Industry Act 1975
- Parliament of the United Kingdom
- Long title: An Act to establish a National Enterprise Board; to confer on the Secretary of State power to prohibit the passing to persons not resident in the United Kingdom of control of undertakings engaged in manufacturing industry, and power to acquire compulsorily the capital or assets of such undertakings where control has passed to such persons or there is a probability that it will pass; to amend the Industry Act 1972 and the Development of Inventions Act 1967; to make provision for the disclosure of information relating to manufacturing undertakings to the Secretary of State or the Minister of Agriculture, Fisheries and Food, and to trade unions; and for connected purposes.
- Citation: 1975 c. 68
- Introduced by: Secretary of State for Industry Tony Benn (Commons)
- Territorial extent: United Kingdom

Dates
- Royal assent: 12 November 1975
- Commencement: 20 November 1975

Other legislation
- Amends: Development of Inventions Act 1967; Industry Act 1972;
- Amended by: Industry Act 1980; Transfer of Functions (Minister for the Civil Service and Treasury) Order 1981; Industrial Development Act 1982; Co-operative Development Agency and Industrial Development Act 1984; Transfer of Functions (Economic Statistics) Order 1989; Courts and Legal Services Act 1990; British Technology Group Act 1991; Tribunals and Inquiries Act 1992; Judicial Pensions and Retirement Act 1993; Arbitration Act 1996; Industry Act 1975 (Prohibition and Vesting Order) Regulations 1998; Constitutional Reform Act 2005; Enterprise Act 2002 (Disqualification from Office: General) Order 2006; Tribunals, Courts and Enforcement Act 2007; Companies Act 2006 (Consequential Amendments, Transitional Provisions and Savings) Order 2009; Budget Responsibility and National Audit Act 2011; Tribunals, Courts and Enforcement Act 2007 (Consequential Amendments) Order 2012; Public Service Pensions and Judicial Offices Act 2022;

Status: Amended

Text of statute as originally enacted

Revised text of statute as amended

Text of the Industry Act 1975 as in force today (including any amendments) within the United Kingdom, from legislation.gov.uk.

= Industry Act 1975 =

Act of the Parliament of the United Kingdom

The Industry Act 1975 (c. 68) is an act of the Parliament of the United Kingdom passed by Harold Wilson's Labour government.

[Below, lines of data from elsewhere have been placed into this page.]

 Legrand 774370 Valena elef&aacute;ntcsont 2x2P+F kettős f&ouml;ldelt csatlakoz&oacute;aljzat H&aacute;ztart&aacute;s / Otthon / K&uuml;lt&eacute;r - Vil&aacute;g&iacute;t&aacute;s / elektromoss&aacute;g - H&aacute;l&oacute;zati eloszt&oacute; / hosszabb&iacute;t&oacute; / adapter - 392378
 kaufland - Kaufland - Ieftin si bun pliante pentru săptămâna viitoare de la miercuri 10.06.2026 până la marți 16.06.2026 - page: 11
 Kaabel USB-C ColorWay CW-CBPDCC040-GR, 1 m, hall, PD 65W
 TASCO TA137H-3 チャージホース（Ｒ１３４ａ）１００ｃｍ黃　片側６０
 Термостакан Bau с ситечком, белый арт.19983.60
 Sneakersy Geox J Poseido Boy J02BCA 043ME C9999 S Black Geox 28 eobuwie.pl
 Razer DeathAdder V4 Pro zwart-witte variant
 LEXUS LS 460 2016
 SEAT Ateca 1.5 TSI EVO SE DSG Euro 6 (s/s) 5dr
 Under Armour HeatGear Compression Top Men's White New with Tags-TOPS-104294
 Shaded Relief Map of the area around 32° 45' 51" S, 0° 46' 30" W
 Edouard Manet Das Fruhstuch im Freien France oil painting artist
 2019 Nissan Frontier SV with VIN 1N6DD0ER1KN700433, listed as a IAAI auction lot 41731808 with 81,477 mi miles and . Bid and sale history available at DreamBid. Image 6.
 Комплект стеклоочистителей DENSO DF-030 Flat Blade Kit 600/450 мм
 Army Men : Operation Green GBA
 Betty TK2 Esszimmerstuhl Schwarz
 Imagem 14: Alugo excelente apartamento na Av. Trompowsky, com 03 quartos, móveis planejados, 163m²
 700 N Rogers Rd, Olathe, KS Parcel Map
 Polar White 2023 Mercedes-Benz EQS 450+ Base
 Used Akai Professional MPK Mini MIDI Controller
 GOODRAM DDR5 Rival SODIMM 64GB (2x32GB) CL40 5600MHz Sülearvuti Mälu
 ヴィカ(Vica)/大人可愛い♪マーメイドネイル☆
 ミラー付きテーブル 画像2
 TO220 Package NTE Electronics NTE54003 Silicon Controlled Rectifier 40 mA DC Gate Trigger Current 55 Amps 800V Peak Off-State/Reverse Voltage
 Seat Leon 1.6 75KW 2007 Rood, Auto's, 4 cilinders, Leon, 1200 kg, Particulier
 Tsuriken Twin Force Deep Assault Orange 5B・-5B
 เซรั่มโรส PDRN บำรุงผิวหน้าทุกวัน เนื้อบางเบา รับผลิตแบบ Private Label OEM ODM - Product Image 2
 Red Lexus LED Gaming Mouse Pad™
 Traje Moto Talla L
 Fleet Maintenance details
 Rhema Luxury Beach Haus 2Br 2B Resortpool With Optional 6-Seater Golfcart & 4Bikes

The main purpose of the act was to establish the National Enterprise Board (NEB).

==Background==

The Labour Party manifesto for the October 1974 general election stated:

A new and urgent Industry Act will provide for a system of Planning Agreements between the Government and key companies to ensure that the plans of those companies are in harmony with national needs and objectives and that Government financial assistance is deployed where it will be most effectively used. Wherever we give direct aid to a company out of public funds we shall reserve the right to take a proportionate share of the ownership of the company; and wherever possible this public support will be channelled through the Planning Agreements System.

These ideas were inspired by the writings of the socialist economist Stuart Holland and gave impetus to the growing desire amongst Labour's left-wing to fulfil the promise contained in Clause IV of the Party's constitution for social ownership of the economy.